Для того, кого постигло горе, важно, чтобы его поддерживали не только специалисты, профессионально этим занимающиеся, а чтобы каждый, с кем он сталкивается в повседневной жизни, был готов уважать даже те по-детски наивные, горькие или агрессивные чувства, которые проявляются в горе.
Поддержка ближних нужна, но иногда ее не хватает, и нужна дополнительная помощь. Хотя горе является естественной и здоровой реакцией человека, который потерял что-то очень дорогое, родители иногда реагируют слишком неадекватно на ограничение ребенка, и им может понадобиться терапевтическая помощь. Если у родителя появляются физические симптомы, если он испытывает очень сильное чувство вины или гнев, длительную депрессию или сильное отчаяние, которые не проходят, это может означать, что ему или ей нужна профессиональная помощь. Можно ожидать, что родители ребенка с функциональными ограничениями выражают какие-нибудь признаки горя. Если горе родителей совершенно не проявляется внешне, возможно, оно отрицается или накапливается внутри, тогда может понадобиться профессиональная помощь. Но тот, кто по какой-бы то ни было причине — не может горевать, или не может горевать в определенный момент, возможно, не захочет принимать никакой помощи и будет от нее отказываться.

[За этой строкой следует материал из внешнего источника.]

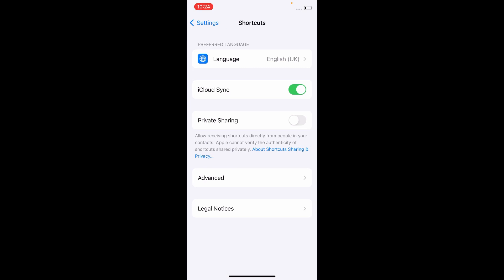Here, swipe down to find iCloud sync and switch it off. Now wait for a while, then switch it on again.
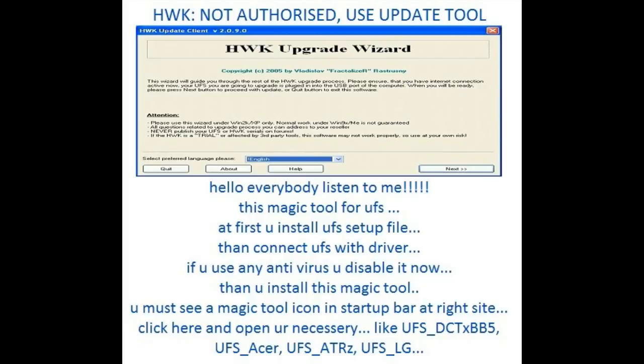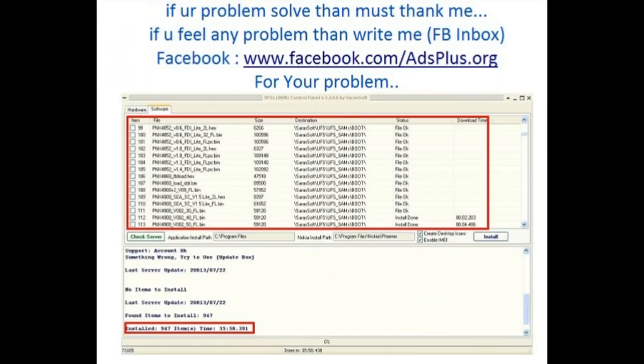You must see a magic tool icon in the startup bar at the right side. Click here and open what you need — like senderscore DCTXBB5, senderscore Acer, senderscore Etrus, senderscore LG. If your problem is solved, then thank me.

Те родители, которые сами не «переработали» свое горе, иногда пытаются это сделать, давая советы другим родителям, переживающим горе. Но когда у родителя остались собственные непереработанные проблемы, существует большая опасность того, что он станет слишком сострадательным и сентиментальным так, что он будет, скорее, выступать в роли «стены плача», чем оказывать настоящую помощь. То, что родители помогают друг другу, может быть полезным. Но для того, чтобы вы могли помочь другому родителю, который «застрял» в своем горе, недостаточно пройти через «похожее переживание». Тот, кто помогает, должен быть почти «свободным» от своей собственной проблемы, чтобы он не втянул другого родителя в свою проблему, вместо того, чтобы помочь.

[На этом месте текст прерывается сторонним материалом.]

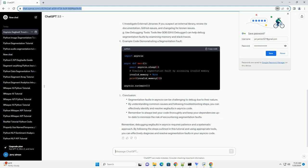Remember, debugging segfaults in asyncio requires patience and a systematic approach. By following the steps outlined in this tutorial and using appropriate tools, you can effectively diagnose and resolve segmentation faults in your asyncio code.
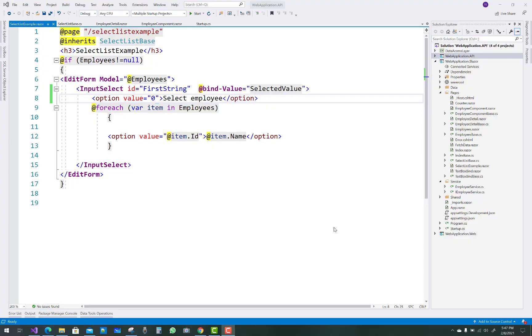Hello everyone, welcome to my channel ASP.NET Core. Today I'm going to show you how to set a default value in a Blazor input select list. Here we have an edit form with a model.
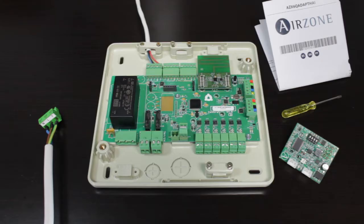In this video, we show you how to connect and configure the Airzone Haier communication gateway.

Родителей ребенка с функциональными ограничениями окружает множество специалистов, каждый из которых имеет свое личное мнение о том, как лучше всего помогать родителям в их горе. Родители иногда очень стремятся найти помощь, и специалист может испытывать соблазн начать давать советы как ближний, в то время, как родитель все еще думает, что получает профессиональные советы. Родитель может легко воспринимать эксперта в одной области как эксперта также и в близлежащих областях. Даже если сам эксперт знает, где проходит граница профессиональных знаний, родители не всегда могут это знать. Подобрать лучшие советы для родителей легче, когда специалисты могут проникнуться проблемами родителей, однако нужно разграничить, какие советы профессиональные, а какие «всего лишь» советы ближнего. Жизнь и без того предостаточно запутана щедрыми советами окружающих, чтобы родителям самим нужно было проверять, какие из советов специалиста являются советами эксперта, а какие нет.
Иногда настойчивые, непрофессиональные попытки помочь могут быть опасными. Искусственные или надуманные объяснения, которые родители дают ограничению ребенка, могут вызвать у вас большое желание «навести порядок» — т. е. показать родителям истину — в то время, как они помогают родителям лучше выносить действительность. Если у вас недостаточно компетенции, чтобы оценить ситуацию, не нанося вред, не следует активно разрушать веру в такие искусственные объяснения. Так же, если родители верят в «чудо», их возможность продолжать функционировать иногда может полностью зависеть от фантазий. В таких случаях эксперт может оказать помощь родителям, поскольку он понимает, когда родитель в состоянии увидеть действительность и воспользоваться активной помощью, а когда его психическое равновесие таково, что он должен продолжать, как раньше, «мечтать» и избегать людей, которые пытаются заставить его «осознать факт».